Natural gas spot prices decreased on the week (Wednesday-Wednesday) at most market locations, with intraweek spot market trading characterized by price decreases through Friday, April 4, and increases beginning on Monday, April 7. The softness in spot prices late last week likely can be attributed to moderating temperatures and softening industrial demand for natural gas over the weekend. While temperatures were relatively mild outside the Upper Rockies, Upper Plains, and parts of the Midwest, other demand/supply factors contributed to the price rally since Monday, April 7. Key demand factors contributing to the price increases included rising crude oil prices, the resumption of industrial load, and injection demand for natural gas. Key supply factors included a major production outage at the Independence Hub in the Gulf of Mexico, and a Colorado State University hurricane report that projects an above-average 2008 hurricane season. Price increases since Monday, April 7, more than offset the declines made in trading heading into last weekend.

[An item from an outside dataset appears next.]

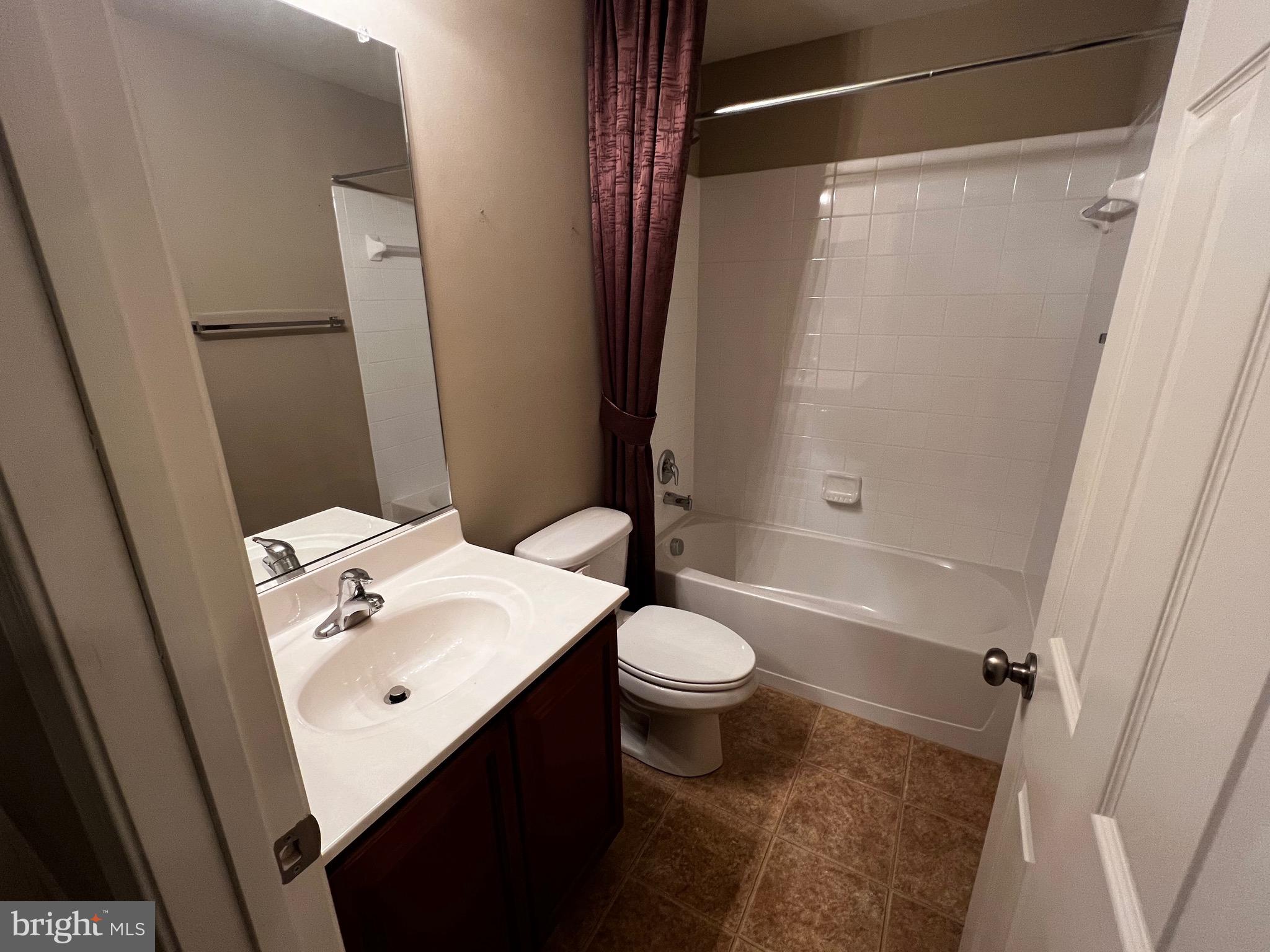 PRIMROSE PARK - Residential Lease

On a regional basis, prices rose in all regions outside Florida by about 12 to 38 cents per MMBtu, or about 2 to 4 percent, while prices fell in the Florida region by 15 cents per MMBtu, or 1 percent since Wednesday, April 2. The largest price increases primarily occurred in the producing areas of South Texas, East Texas, and Louisiana, and in the Midcontinent and Midwest regions where heating load remains significant. While prices increased at most market locations outside Florida by more than 12 cents per MMBtu since last Wednesday, April 2, several markets in the Northeast region posted declines, most notably at the Algonquin citygate, which serves the New England region, and at the New York citygate, falling 4 and 3 cents per MMBtu, respectively. Despite these declines, prices increased nearly 15 cents per MMBtu on average in the Northeast region.
Enterprise Products Partners L.P. announced on Wednesday, April 9, that production at the Independence Hub natural gas platform at Mississippi Canyon Block 920 in the deepwater Gulf of Mexico was shut-in as a result of a leak on the Independence Trail export pipeline. The Independence Hub can process approximately 1 Bcf of natural gas capacity per day, which is about 10 percent of the natural gas produced in the Gulf of Mexico. A loss of this magnitude will contribute upward pressure on natural gas prices. The shutin is expected to last between 1 and 4 weeks while the necessary repairs are completed. (For more details, please see the Natural Gas Transportation Update in a later section of this report.)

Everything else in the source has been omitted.